» YOUR ASSIGNMENT:
All the data below needs to be retyped exactly as shown.

» INFORMATION PROVIDED:

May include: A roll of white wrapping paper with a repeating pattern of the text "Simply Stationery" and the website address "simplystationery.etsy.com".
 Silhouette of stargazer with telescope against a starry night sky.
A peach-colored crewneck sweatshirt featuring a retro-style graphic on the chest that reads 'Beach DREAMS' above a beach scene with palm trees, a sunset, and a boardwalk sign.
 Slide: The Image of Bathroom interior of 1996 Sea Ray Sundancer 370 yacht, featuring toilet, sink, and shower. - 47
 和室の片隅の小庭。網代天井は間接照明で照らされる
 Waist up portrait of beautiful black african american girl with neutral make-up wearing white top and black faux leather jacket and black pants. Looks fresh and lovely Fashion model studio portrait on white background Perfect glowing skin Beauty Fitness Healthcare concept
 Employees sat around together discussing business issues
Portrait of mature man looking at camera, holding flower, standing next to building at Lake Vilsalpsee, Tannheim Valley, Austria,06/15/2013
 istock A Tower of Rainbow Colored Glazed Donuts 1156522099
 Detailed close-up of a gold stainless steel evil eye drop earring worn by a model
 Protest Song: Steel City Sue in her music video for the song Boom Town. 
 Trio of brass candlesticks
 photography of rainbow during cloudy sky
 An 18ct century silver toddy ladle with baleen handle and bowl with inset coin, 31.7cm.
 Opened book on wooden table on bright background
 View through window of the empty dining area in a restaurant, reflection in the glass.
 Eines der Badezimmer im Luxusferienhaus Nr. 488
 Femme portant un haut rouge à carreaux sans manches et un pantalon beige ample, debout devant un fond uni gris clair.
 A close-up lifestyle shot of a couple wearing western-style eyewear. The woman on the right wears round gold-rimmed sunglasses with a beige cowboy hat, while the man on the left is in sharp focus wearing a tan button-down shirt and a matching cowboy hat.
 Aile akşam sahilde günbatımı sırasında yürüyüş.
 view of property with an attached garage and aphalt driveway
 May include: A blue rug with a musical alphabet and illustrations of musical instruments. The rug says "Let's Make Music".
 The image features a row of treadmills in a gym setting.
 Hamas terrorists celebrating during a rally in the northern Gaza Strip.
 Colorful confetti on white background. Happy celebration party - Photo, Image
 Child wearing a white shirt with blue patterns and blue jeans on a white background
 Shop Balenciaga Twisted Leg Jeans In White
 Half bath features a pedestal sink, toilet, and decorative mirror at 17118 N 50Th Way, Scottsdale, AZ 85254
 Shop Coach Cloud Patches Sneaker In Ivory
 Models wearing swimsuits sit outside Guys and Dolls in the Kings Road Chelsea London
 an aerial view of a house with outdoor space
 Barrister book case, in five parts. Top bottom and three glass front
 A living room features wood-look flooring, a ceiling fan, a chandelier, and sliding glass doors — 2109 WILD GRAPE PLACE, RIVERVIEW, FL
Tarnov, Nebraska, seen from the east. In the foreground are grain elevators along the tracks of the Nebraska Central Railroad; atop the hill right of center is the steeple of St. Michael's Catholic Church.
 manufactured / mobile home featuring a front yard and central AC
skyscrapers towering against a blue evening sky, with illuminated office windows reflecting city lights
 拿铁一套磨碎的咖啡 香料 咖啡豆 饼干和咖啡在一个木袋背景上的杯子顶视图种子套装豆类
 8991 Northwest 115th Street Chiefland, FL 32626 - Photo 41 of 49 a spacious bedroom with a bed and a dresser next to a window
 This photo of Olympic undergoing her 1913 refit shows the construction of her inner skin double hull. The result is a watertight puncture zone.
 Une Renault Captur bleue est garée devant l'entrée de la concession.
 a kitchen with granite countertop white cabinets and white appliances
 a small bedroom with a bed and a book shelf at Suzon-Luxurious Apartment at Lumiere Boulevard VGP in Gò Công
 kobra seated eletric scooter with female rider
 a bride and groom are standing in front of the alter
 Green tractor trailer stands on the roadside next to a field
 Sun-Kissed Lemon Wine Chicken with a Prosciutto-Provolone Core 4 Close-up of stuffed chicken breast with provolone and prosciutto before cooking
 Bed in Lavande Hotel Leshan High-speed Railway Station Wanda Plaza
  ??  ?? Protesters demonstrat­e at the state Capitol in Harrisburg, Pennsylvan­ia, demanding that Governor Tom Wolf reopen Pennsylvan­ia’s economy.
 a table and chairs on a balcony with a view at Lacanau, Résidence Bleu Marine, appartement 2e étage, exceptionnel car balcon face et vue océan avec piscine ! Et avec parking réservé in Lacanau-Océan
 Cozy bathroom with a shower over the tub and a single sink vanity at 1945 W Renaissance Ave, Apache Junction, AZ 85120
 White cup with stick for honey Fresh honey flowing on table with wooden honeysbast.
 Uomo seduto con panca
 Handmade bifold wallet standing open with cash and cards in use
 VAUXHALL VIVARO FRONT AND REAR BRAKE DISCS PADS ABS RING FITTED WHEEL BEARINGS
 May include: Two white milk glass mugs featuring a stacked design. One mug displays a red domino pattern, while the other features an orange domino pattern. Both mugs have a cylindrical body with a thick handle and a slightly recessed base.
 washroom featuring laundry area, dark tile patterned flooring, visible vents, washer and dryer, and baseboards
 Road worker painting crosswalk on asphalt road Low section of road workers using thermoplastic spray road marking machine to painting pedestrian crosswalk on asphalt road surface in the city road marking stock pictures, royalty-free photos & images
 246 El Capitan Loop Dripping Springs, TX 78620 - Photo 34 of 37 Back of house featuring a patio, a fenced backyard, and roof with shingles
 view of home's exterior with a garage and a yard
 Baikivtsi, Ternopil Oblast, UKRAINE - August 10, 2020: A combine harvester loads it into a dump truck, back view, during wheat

» WORKED SOLUTION:
May include: A roll of white wrapping paper with a repeating pattern of the text "Simply Stationery" and the website address "simplystationery.etsy.com".
 Silhouette of stargazer with telescope against a starry night sky.
A peach-colored crewneck sweatshirt featuring a retro-style graphic on the chest that reads 'Beach DREAMS' above a beach scene with palm trees, a sunset, and a boardwalk sign.
 Slide: The Image of Bathroom interior of 1996 Sea Ray Sundancer 370 yacht, featuring toilet, sink, and shower. - 47
 和室の片隅の小庭。網代天井は間接照明で照らされる
 Waist up portrait of beautiful black african american girl with neutral make-up wearing white top and black faux leather jacket and black pants. Looks fresh and lovely Fashion model studio portrait on white background Perfect glowing skin Beauty Fitness Healthcare concept
 Employees sat around together discussing business issues
Portrait of mature man looking at camera, holding flower, standing next to building at Lake Vilsalpsee, Tannheim Valley, Austria,06/15/2013
 istock A Tower of Rainbow Colored Glazed Donuts 1156522099
 Detailed close-up of a gold stainless steel evil eye drop earring worn by a model
 Protest Song: Steel City Sue in her music video for the song Boom Town. 
 Trio of brass candlesticks
 photography of rainbow during cloudy sky
 An 18ct century silver toddy ladle with baleen handle and bowl with inset coin, 31.7cm.
 Opened book on wooden table on bright background
 View through window of the empty dining area in a restaurant, reflection in the glass.
 Eines der Badezimmer im Luxusferienhaus Nr. 488
 Femme portant un haut rouge à carreaux sans manches et un pantalon beige ample, debout devant un fond uni gris clair.
 A close-up lifestyle shot of a couple wearing western-style eyewear. The woman on the right wears round gold-rimmed sunglasses with a beige cowboy hat, while the man on the left is in sharp focus wearing a tan button-down shirt and a matching cowboy hat.
 Aile akşam sahilde günbatımı sırasında yürüyüş.
 view of property with an attached garage and aphalt driveway
 May include: A blue rug with a musical alphabet and illustrations of musical instruments. The rug says "Let's Make Music".
 The image features a row of treadmills in a gym setting.
 Hamas terrorists celebrating during a rally in the northern Gaza Strip.
 Colorful confetti on white background. Happy celebration party - Photo, Image
 Child wearing a white shirt with blue patterns and blue jeans on a white background
 Shop Balenciaga Twisted Leg Jeans In White
 Half bath features a pedestal sink, toilet, and decorative mirror at 17118 N 50Th Way, Scottsdale, AZ 85254
 Shop Coach Cloud Patches Sneaker In Ivory
 Models wearing swimsuits sit outside Guys and Dolls in the Kings Road Chelsea London
 an aerial view of a house with outdoor space
 Barrister book case, in five parts. Top bottom and three glass front
 A living room features wood-look flooring, a ceiling fan, a chandelier, and sliding glass doors — 2109 WILD GRAPE PLACE, RIVERVIEW, FL
Tarnov, Nebraska, seen from the east. In the foreground are grain elevators along the tracks of the Nebraska Central Railroad; atop the hill right of center is the steeple of St. Michael's Catholic Church.
 manufactured / mobile home featuring a front yard and central AC
skyscrapers towering against a blue evening sky, with illuminated office windows reflecting city lights
 拿铁一套磨碎的咖啡 香料 咖啡豆 饼干和咖啡在一个木袋背景上的杯子顶视图种子套装豆类
 8991 Northwest 115th Street Chiefland, FL 32626 - Photo 41 of 49 a spacious bedroom with a bed and a dresser next to a window
 This photo of Olympic undergoing her 1913 refit shows the construction of her inner skin double hull. The result is a watertight puncture zone.
 Une Renault Captur bleue est garée devant l'entrée de la concession.
 a kitchen with granite countertop white cabinets and white appliances
 a small bedroom with a bed and a book shelf at Suzon-Luxurious Apartment at Lumiere Boulevard VGP in Gò Công
 kobra seated eletric scooter with female rider
 a bride and groom are standing in front of the alter
 Green tractor trailer stands on the roadside next to a field
 Sun-Kissed Lemon Wine Chicken with a Prosciutto-Provolone Core 4 Close-up of stuffed chicken breast with provolone and prosciutto before cooking
 Bed in Lavande Hotel Leshan High-speed Railway Station Wanda Plaza
  ??  ?? Protesters demonstrat­e at the state Capitol in Harrisburg, Pennsylvan­ia, demanding that Governor Tom Wolf reopen Pennsylvan­ia’s economy.
 a table and chairs on a balcony with a view at Lacanau, Résidence Bleu Marine, appartement 2e étage, exceptionnel car balcon face et vue océan avec piscine ! Et avec parking réservé in Lacanau-Océan
 Cozy bathroom with a shower over the tub and a single sink vanity at 1945 W Renaissance Ave, Apache Junction, AZ 85120
 White cup with stick for honey Fresh honey flowing on table with wooden honeysbast.
 Uomo seduto con panca
 Handmade bifold wallet standing open with cash and cards in use
 VAUXHALL VIVARO FRONT AND REAR BRAKE DISCS PADS ABS RING FITTED WHEEL BEARINGS
 May include: Two white milk glass mugs featuring a stacked design. One mug displays a red domino pattern, while the other features an orange domino pattern. Both mugs have a cylindrical body with a thick handle and a slightly recessed base.
 washroom featuring laundry area, dark tile patterned flooring, visible vents, washer and dryer, and baseboards
 Road worker painting crosswalk on asphalt road Low section of road workers using thermoplastic spray road marking machine to painting pedestrian crosswalk on asphalt road surface in the city road marking stock pictures, royalty-free photos & images
 246 El Capitan Loop Dripping Springs, TX 78620 - Photo 34 of 37 Back of house featuring a patio, a fenced backyard, and roof with shingles
 view of home's exterior with a garage and a yard
 Baikivtsi, Ternopil Oblast, UKRAINE - August 10, 2020: A combine harvester loads it into a dump truck, back view, during wheat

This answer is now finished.